**Problem description:** Using the data below, reproduce exactly the lines from the line with "Enrique Pena Nieto, Justin" to the line with "Brawler Mii QR code", both included; pictures must be dropped.

**Data extract:**
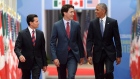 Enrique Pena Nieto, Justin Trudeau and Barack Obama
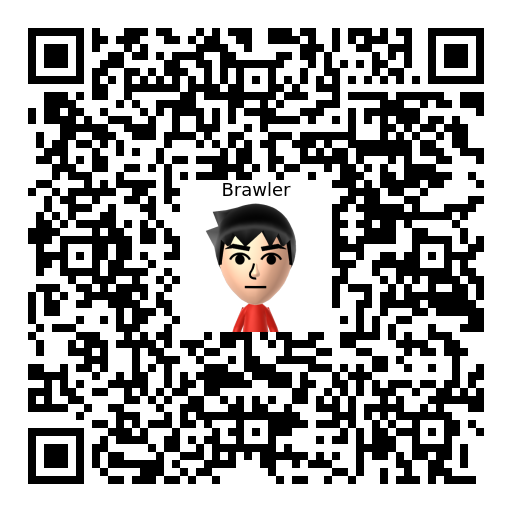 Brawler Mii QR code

==

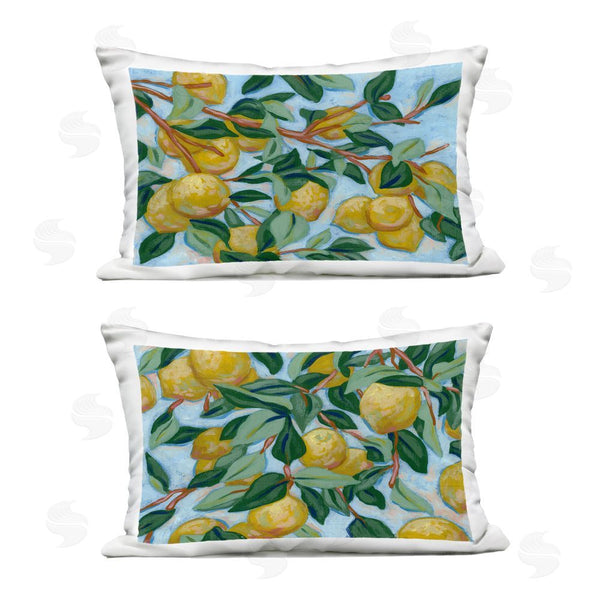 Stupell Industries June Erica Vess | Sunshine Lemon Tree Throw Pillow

**Problem solution:**
 Enrique Pena Nieto, Justin Trudeau and Barack Obama
 Brawler Mii QR code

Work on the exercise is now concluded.